I agree as far as retail day trading options. I think it is a waste of time and it is a flipping game at best. The daily ups and down with the countless variables, it almost impossible to apply any reasonable strategy on a daily basis.
But who really knows who is on the otherside of a contract, and what their motivation is for trading that option. IMO there is no boogeyman out to get you, it is all about the person's trading plan and goals. The market is much more complex, external factors and the underlying are most important not who is on the other side of a contract.
Volatility is good for the market and trading.
Preservation of capital is the most important concept for those who want to stay in the trading game for the long haul. - Van Tharp
this is a question one can read a lot regarding options, futures, forex, etc.

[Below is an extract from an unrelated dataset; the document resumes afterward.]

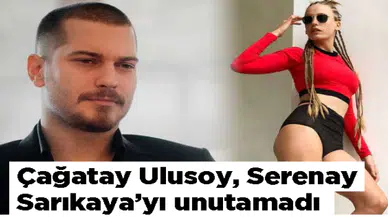 Çağatay Ulusoy, Serenay Sarıkaya'yı unutamadı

imho the question shouldn't be how much is possible, rather how much effort one is willing to learn and understand things in that context. Sounds boring but without much effort and the understanding of what one is doing the statement that as a trader one is competing against sharks on the other side will turn all the dreams of a big profit into a nightmare. It doesn't matter whether one is competing directly, indirectly, every possibility to have a small piece of the cake is getting exhausted by the other sharks. Just choosing options because people make big money there is not a good base, just choosing futures because one wants to play like a big player without understanding the rules will blow up the account someday.
There's a lot of documents around options on the internet and good threads here also. Beside all the valuable information the most important thing is to try to understand the things and not just copy them. I remember 2015 with lots of discussions on selling options and people trying to emphasize some major drawbacks on a possible market turn. Caramba, the crash came and people got silent ... very slowly reconsidereing their original trading-idea (which was "flawless" a while before) with the conclusion they were wrong but only beaten on one eye, not knocked out. I've seen this here, on reddit, tastytrade, etc, people turning it the way they want it to be not open for things outside their range of calculations, until the market is teaching that things can change and this can happen damn fast.
Knowing that things are never perfect and knowing that one was wrong during the last big crash in 2015 after rejecting all advises and contrary words, then risking the own existence thinking this time one is entirely in charge is something everyone has to consider for hisself. No big deal being wrong in stocks, regarding options on futures for example you can't be wrong that often, it would kill you. So just following the crowd and jumping on the hot-things without having your own understanding and your own adjustment for your risk you are willing to enter would be not the best start.
So learning about options you'll learn that it's possible to earn loads of money but the same applies for the other side. Imho the amount of money you can earn shouldn't matter at all. The risk-reward-ratio one is able to achieve constantly is more important. Selling options the premium can be sometimes depressing compared to trading futures, especially being way longer in the market than with trading intraday a future. People often forget about this. The shorter the time you are in the market risking your house, the less likely it will kill you.
So for me I decided to do my Fx and Future-trades and the money I put aside is used for selling options, instead of earning almost no interest on a bank. I forgot to make millions with options, regularly selling options with a nice return without risking my existence is better for me.
If you've got a ton of money and can hire a bunch of sophisticated traders, you can earn a lot. If you're bootstrapping with some play money.... well, it'll take a while and I don't think you'll get the crazy 200%++ gains you see people throw around on the internet all the time.